PROBLEM TO SOLVE ::
In your copy, leave out the pictures and repeat every record exactly.
:: EXTRACTED MATERIAL
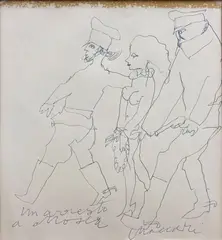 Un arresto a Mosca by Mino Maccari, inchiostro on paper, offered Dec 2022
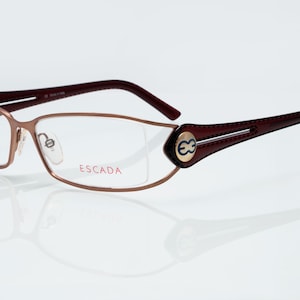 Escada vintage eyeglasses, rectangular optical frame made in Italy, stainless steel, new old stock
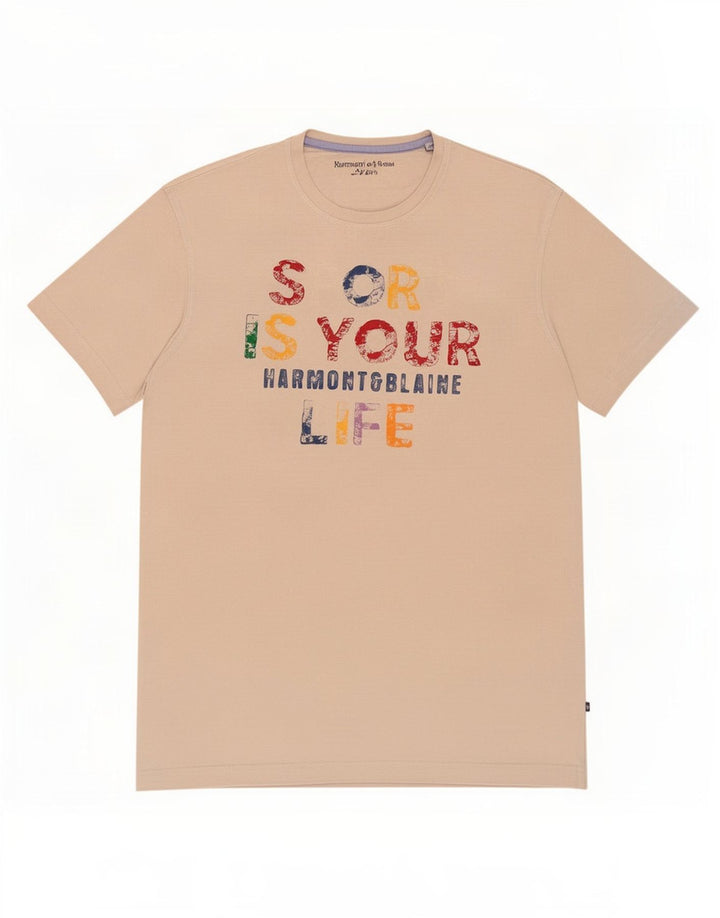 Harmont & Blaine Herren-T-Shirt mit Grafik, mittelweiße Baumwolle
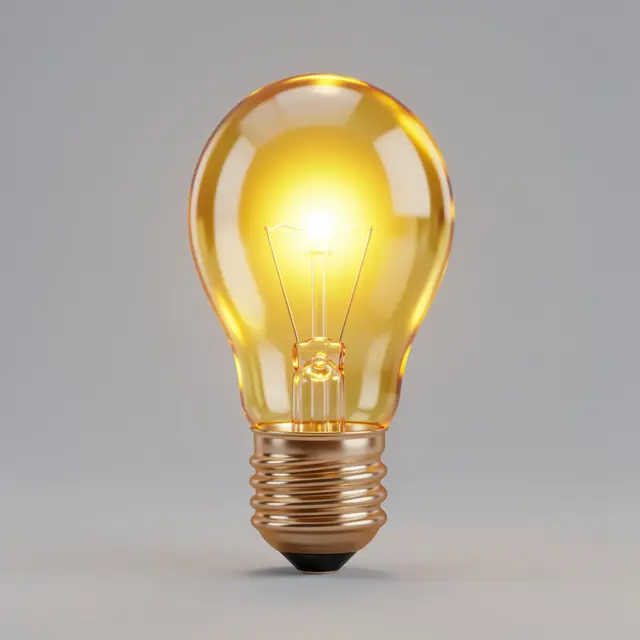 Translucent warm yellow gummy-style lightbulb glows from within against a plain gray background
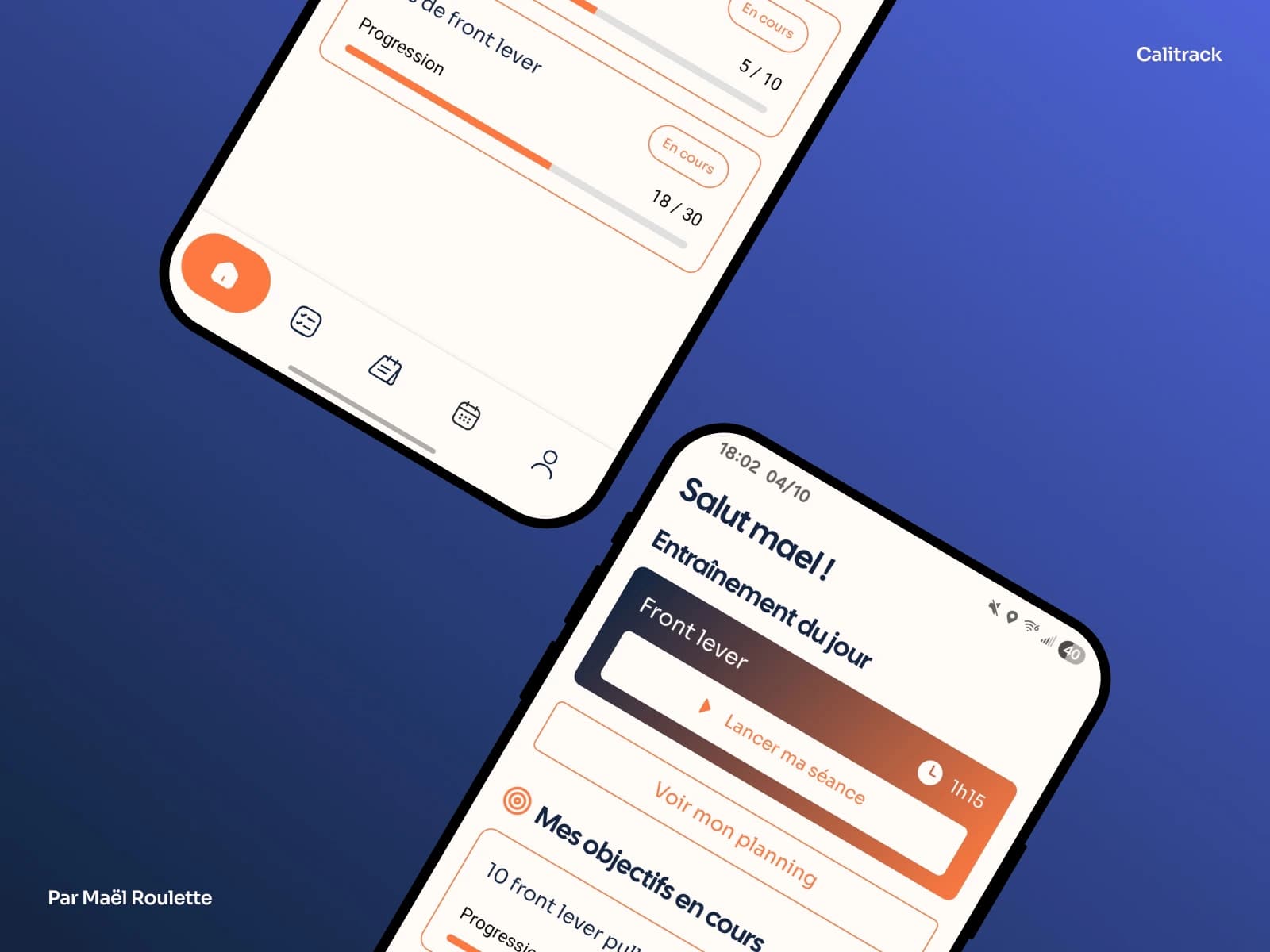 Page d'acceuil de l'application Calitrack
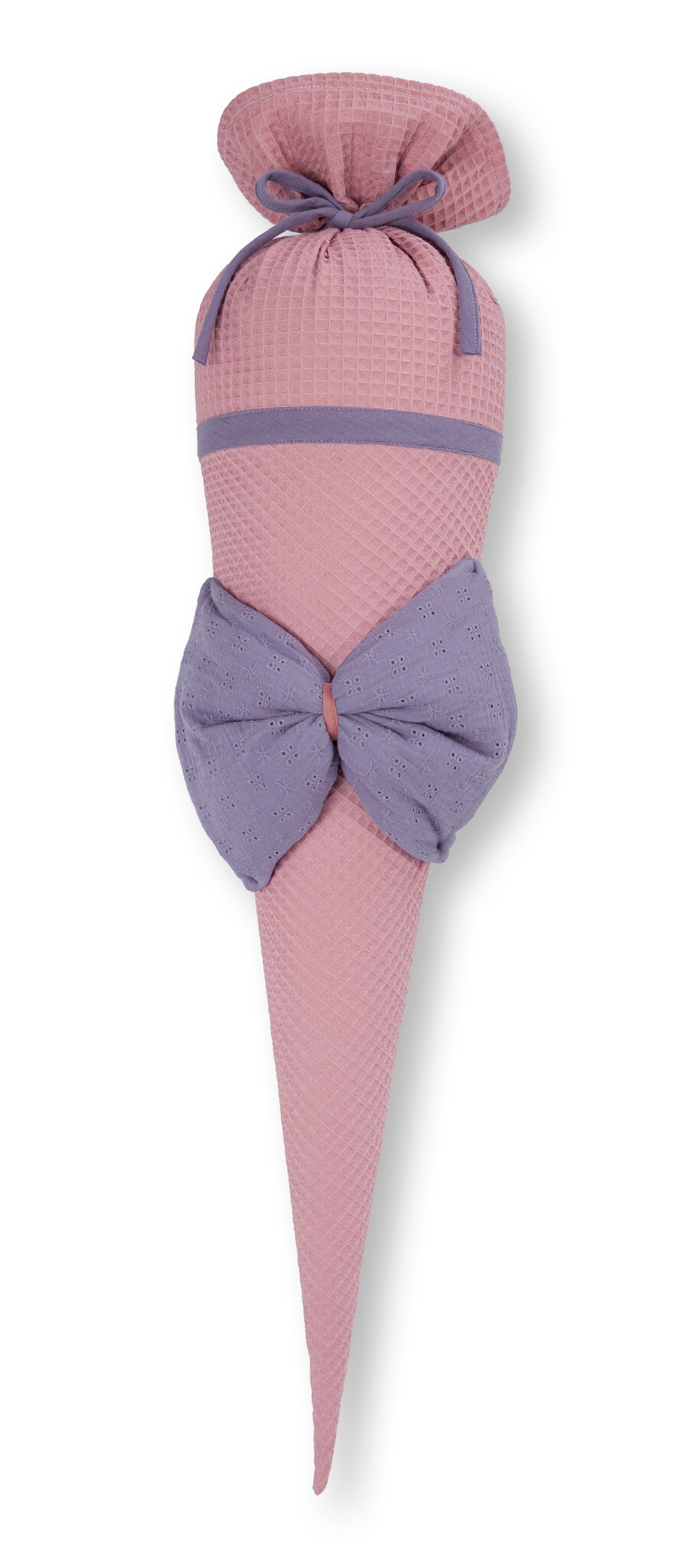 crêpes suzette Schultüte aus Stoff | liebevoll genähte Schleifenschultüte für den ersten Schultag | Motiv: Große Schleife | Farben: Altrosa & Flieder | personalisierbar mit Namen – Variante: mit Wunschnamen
::::
SOLUTION TO THE EXERCISE ::
 Un arresto a Mosca by Mino Maccari, inchiostro on paper, offered Dec 2022
 Escada vintage eyeglasses, rectangular optical frame made in Italy, stainless steel, new old stock
 Harmont & Blaine Herren-T-Shirt mit Grafik, mittelweiße Baumwolle
 Translucent warm yellow gummy-style lightbulb glows from within against a plain gray background
 Page d'acceuil de l'application Calitrack
 crêpes suzette Schultüte aus Stoff | liebevoll genähte Schleifenschultüte für den ersten Schultag | Motiv: Große Schleife | Farben: Altrosa & Flieder | personalisierbar mit Namen – Variante: mit Wunschnamen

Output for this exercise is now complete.